Defining the Recording Unit for Content Analysis

Once evaluators have defined the variables and selected the textual material, their next major task is to define the recording units. A recording unit is the portion of text to which evaluators apply a category label. For example, the Stars and Stripes news story was the focus of analysis in that the evaluation objective was to draw conclusions about whether the stories had been subject to news management or censorship. Therefore, the news story became the recording unit; each news story was categorized by topic, and each news story about the U.S. military was categorized by image. In general, six recording units are commonly used: word, word sense, sentence, paragraph, theme, and whole text. (Weber, 1990)

1. Words

When words are the recording unit, evaluators categorize each individual word. This recording unit is well-defined because we know the physical boundaries of a word. When all words have been placed in categories, a content analysis becomes simply a word count. Although word counts would probably find limited application in GAO, knowing the frequency of key words may be useful. Most content analysis software and some other specialized forms of software can automatically count individual words.

2. Word Sense

“Word sense” is a variation on words as units. Some computer programs can automatically distinguish between the multiple meanings of a word and can identify phrases that constitute semantic units the way words constitute semantic units. The word senses can then be counted just as if they were words. Applications in GAO are probably limited.

3. Sentences

Sentences may occasionally be useful recording units, especially in structured material such as written responses to an open-ended questionnaire item.
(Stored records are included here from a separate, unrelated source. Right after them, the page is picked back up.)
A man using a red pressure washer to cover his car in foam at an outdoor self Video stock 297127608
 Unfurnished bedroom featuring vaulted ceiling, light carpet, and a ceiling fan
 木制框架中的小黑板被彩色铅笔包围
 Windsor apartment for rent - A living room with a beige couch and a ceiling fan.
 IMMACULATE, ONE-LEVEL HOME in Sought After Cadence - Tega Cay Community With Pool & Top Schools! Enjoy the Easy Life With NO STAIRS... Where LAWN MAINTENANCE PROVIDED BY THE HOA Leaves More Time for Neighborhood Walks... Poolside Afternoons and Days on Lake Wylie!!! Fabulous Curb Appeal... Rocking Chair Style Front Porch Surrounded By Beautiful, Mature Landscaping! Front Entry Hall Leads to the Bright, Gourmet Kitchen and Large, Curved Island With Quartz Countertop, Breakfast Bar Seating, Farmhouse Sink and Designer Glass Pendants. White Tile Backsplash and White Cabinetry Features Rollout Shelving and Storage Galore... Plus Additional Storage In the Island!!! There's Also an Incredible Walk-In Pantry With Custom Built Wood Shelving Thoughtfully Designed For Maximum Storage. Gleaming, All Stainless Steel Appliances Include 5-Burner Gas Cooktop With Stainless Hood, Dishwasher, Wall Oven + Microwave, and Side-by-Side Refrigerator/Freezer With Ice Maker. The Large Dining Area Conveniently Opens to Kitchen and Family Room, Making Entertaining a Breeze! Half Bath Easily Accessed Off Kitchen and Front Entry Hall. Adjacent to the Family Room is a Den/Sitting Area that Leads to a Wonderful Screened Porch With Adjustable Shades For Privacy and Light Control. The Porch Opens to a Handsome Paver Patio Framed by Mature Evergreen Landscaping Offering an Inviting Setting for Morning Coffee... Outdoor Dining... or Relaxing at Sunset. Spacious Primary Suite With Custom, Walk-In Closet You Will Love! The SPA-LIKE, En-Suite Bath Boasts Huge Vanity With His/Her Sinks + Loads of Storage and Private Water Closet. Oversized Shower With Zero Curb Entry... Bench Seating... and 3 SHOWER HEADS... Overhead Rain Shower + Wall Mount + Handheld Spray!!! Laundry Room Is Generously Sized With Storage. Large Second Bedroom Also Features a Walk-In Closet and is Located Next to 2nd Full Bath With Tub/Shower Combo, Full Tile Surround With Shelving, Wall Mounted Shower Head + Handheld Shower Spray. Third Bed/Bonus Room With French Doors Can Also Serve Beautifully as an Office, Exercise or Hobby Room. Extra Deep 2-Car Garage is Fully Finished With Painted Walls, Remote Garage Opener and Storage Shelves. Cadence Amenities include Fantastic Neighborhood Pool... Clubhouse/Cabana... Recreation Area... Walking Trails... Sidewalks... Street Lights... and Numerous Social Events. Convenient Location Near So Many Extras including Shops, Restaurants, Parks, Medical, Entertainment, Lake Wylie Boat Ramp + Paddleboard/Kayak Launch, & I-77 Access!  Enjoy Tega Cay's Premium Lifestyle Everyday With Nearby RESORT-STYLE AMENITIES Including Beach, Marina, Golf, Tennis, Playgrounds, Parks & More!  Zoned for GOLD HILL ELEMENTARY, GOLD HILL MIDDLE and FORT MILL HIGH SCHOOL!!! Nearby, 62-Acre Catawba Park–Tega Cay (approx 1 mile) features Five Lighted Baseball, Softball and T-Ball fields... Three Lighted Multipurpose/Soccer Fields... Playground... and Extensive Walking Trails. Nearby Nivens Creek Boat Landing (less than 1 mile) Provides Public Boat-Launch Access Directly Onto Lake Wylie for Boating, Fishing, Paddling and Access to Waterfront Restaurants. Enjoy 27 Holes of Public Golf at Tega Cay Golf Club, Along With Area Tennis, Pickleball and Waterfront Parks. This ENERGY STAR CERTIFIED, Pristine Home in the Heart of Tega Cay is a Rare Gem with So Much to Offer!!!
Although the physical boundaries of sentences are well-defined, using them as units implies human coding, because computer programs cannot automatically classify sentences as they do words and word senses.

4. Paragraphs

A paragraph is a structured unit above the sentence, so it can be a recording unit. Sometimes, however, a paragraph embraces too many ideas for consistent assignment of the text segment to a single category. This leads to the problem of unreliable coding (discussed in chapter 4).

5. Theme

Theme is probably better suited than sentences to coding open-ended questionnaires because a theme can include the several sentences that are commonly a response to such questions. Theme is a useful recording unit, if somewhat ambiguous. Holsti describes a theme as “a single assertion about some subject” (1969, p. 116). The boundary of a theme delineates a single idea; we are not restricted to the individual semantic boundaries of sentences and paragraphs. The evaluator who defines theme as a recording unit should include guidance regarding whether, at one extreme, sentence fragments can be coded or, at the other, paragraphs or multiple paragraphs. However, even with such guidance, coders necessarily use their judgment in determining the boundaries of particular theme units and may therefore be unreliable in their coding.

6. Whole Text

Whole text is a recording unit larger than a paragraph but still with clearly defined physical boundaries. For example, in the Stars and Stripes assessment, a whole news story was a unit of analysis. A news story has physical and other attributes that coders can ordinarily use to distinguish it easily from editorials or syndicated columns. In the extreme, an entire document may be a recording unit. Whole-text coding is almost always unreliable.